So we got to D Day, and team Shoreditch had a hard act to follow after an outstanding Opening Night in which the Dream Team (comprising those juveniles from all three teams who could cope with the pressures of Opening Night ) had wowed local dignitaries and a packed audience to rave reviews.
This was a great feeling to come in on, but also an added pressure. The kids were not legally allowed in the theatre until 10 am, and we kicked off at 10.15 am. They were shown a slightly adapted dance routine for the walkdown (finale) by their Dance Captain, and she also explained the presence of a new prop – a curtain, which was to cover the scene change when a ballet sequence took place, and told them how to deal with this. The children were excited and nervous, adrenalin coursing through their veins as we chaperones hurriedly caught up with any last minute changes ourselves. Caz had called me in the morning to ask if I would be happy to act as Lead Chaperone – essentially the one to make the final decisions on the day. I agreed, not really realizing the implications as such, and to be honest, although not an experienced chaperone, I had worked as a show caller/Stage Manager, depending on which arena you are in, so figured that it would be pretty much the same…
…Big mistake… The kids were fine, the chaperones were bundles of nerves by the end of the first act. There were several quick changes which entailed buttons and bows, we had lost and found socks, masks and noses (don’t ask). Sue the Wardrobe Mistress (we christened her Sewing Sue) worked miracles, her needle flashing in and out at speed. We had been running from one side of the stage to the other, passing kids through scenery doors, under the stage, props got caught on the stairs, we nearly missed 2 cues and at one point had to literally shove the kids on to the stage.
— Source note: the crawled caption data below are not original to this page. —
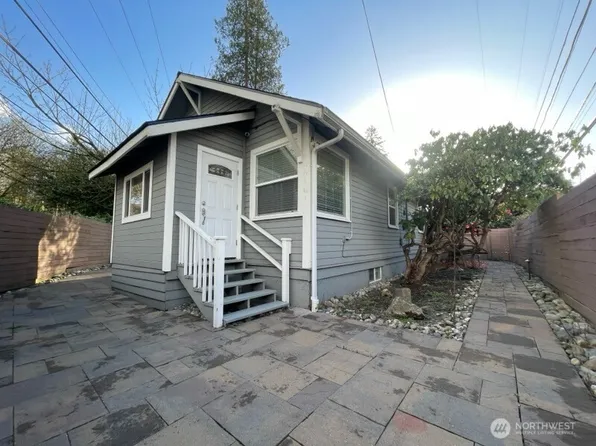 9728 23rd Avenue NE #A, Seattle, WA 98115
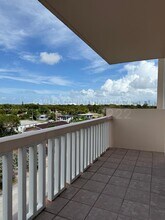 22 Salamanca Ave in Coral Gables, FL - Building Photo - Building Photo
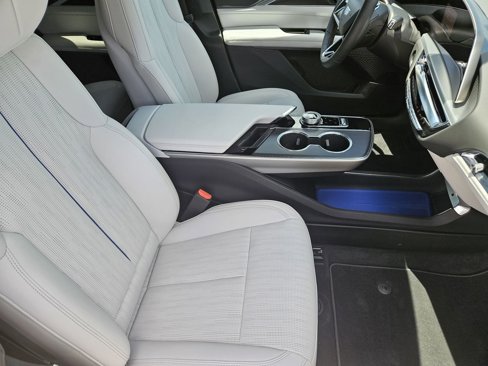 New 2025 Cadillac Lyriq Luxury image 17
By the interval, the shock of it had set in, and I (whilst trying to keep a calm exterior) was dreading the second act because this contained the aforesaid walkdown, which was new because it is only traditionally set at the Dress Rehearsal as it is considered to be bad luck beforehand.
During the interval, the producer, choreographer and dance captain came in to speak to the kids. I explained that any mistakes were actually chaperone errors. Generally though, the producer explained, every show opening was expected to have wobbles, and we were all doing really well.
The second half actually went mainly to cue, some of the principal cast cueing us in from the wings – it was literally a case of everyone pulling together. Someone who was watching the show came back and said excitedly ‘It was Brilliant!’
We had got away with it!
We had a three hour break in between shows and so Little Man and I took one of his friends home to play. They chattered animatedly in the back of the car, excited about the next show.
It was then that I began to shake...
What a difference the afternoon made – it was a second run through, our heads were in the right places, it was a fantastic show backstage, the kids were more confident, we were more confident, and the comforting presence of Caz who knew the storyline inside out was a godsend. And to top it all, the next day the critics reviews for the show came out and we had got the full 5 stars.
Things in life are sent to test you, with the understanding that it will all come good in the end. Things may be bad, they may even sometimes be sad – but ultimately, the Show Does Go On.